Question to the Department of Health and Social Care:
To ask the Secretary of State for Health, how many Never events were investigated by NHS England in each year since 2012; how many and what proportion of those events related to mental health patients; what criteria NHS England uses to investigate incidents reported to the Strategic Executive Information System; and what mechanisms exist to ensure that actions and recommendations relating to the investigation of such incidents are implemented locally.
NHS England does not investigate individual ‘never events’ since this is the responsibility of the provider of care within which the serious incident occurred.
Never events are types of Serious Incidents as defined by the Serious Incident Framework (available online at: http://www.england.nhs.uk/wp-content/uploads/2013/03/sif-guide.pdf) and must be reported to the Strategic Executive Information System (STEIS) and investigated in accordance with this Framework. There are 25 never events categories defined in the current list within the companion Never Events Policy Framework which is available online at:
https://www.gov.uk/government/publications/healthcare-never-events-policy-framework-update
The number of never events reported is published monthly by category on NHS England’s website:
http://www.england.nhs.uk/ourwork/patientsafety/never-events/ne-data/
Although there are two never event categories directly relevant to mental health (13. ‘Suicide using non-collapsible rails’ and 14. ‘Escape of a transferred prisoner’), never event reports are not classified by care setting.

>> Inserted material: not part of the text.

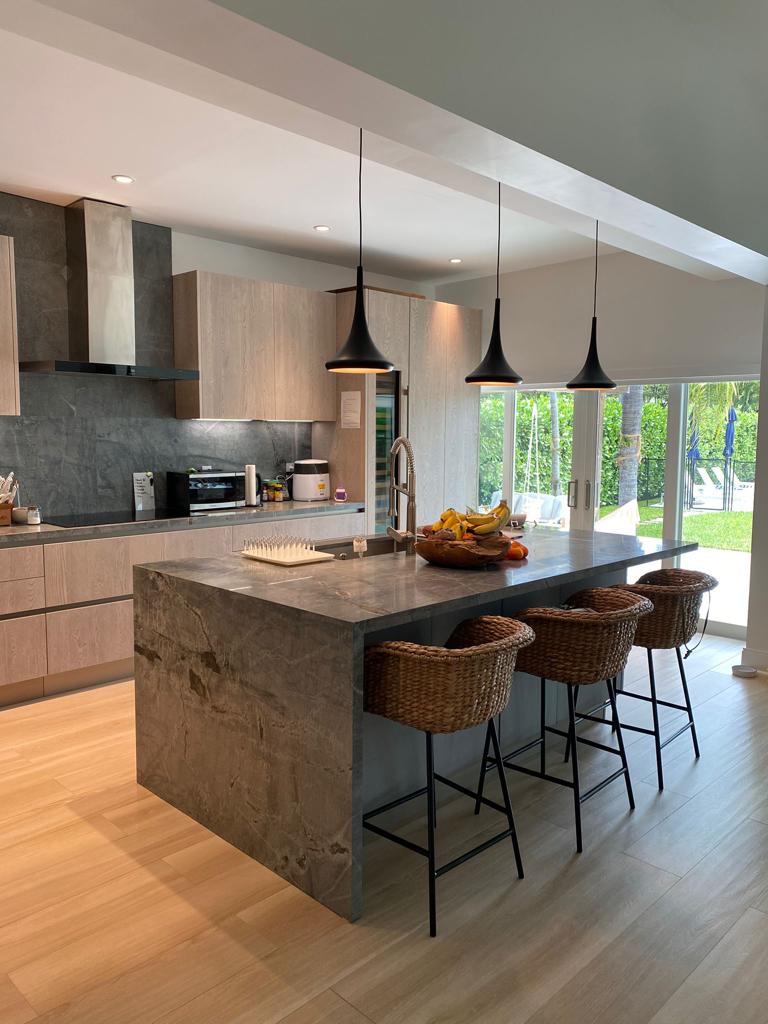 WhatsApp Image 2023-02-28 at 17.47.24 (11)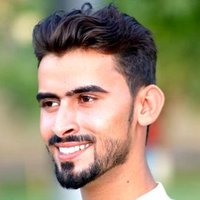 Muhammad Baloch(@h_muhammad99) 's Twitter Profileg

There were 338 never events reported to the STEIS in financial year 2013/14, one of which involved the escape of a transferred patient from a mental health facility. In 2012/13 290 never events were reported to STEIS, one of which again involved the escape of a transferred patient from a mental health facility. There were no reports in either year associated with the category ‘suicide using a collapsible rail’. Mental health patients may have experienced never events in other categories.
As described within the Serious Incident Framework, it is the provider of the care, within which the serious incident occurred, that is responsible for reporting, investigating and responding to the serious incident. Commissioners are accountable for quality-assuring the robustness of their providers’ investigations and the development and implementation of effective actions by the provider, to prevent recurrence of similar incidents. Serious incident investigations should be closed by the relevant commissioner when they are satisfied that the investigation report and action plan meet the required standard. Providers and commissioners are expected to establish mechanisms for monitoring on-going or long-term actions to ensure they are fully implemented.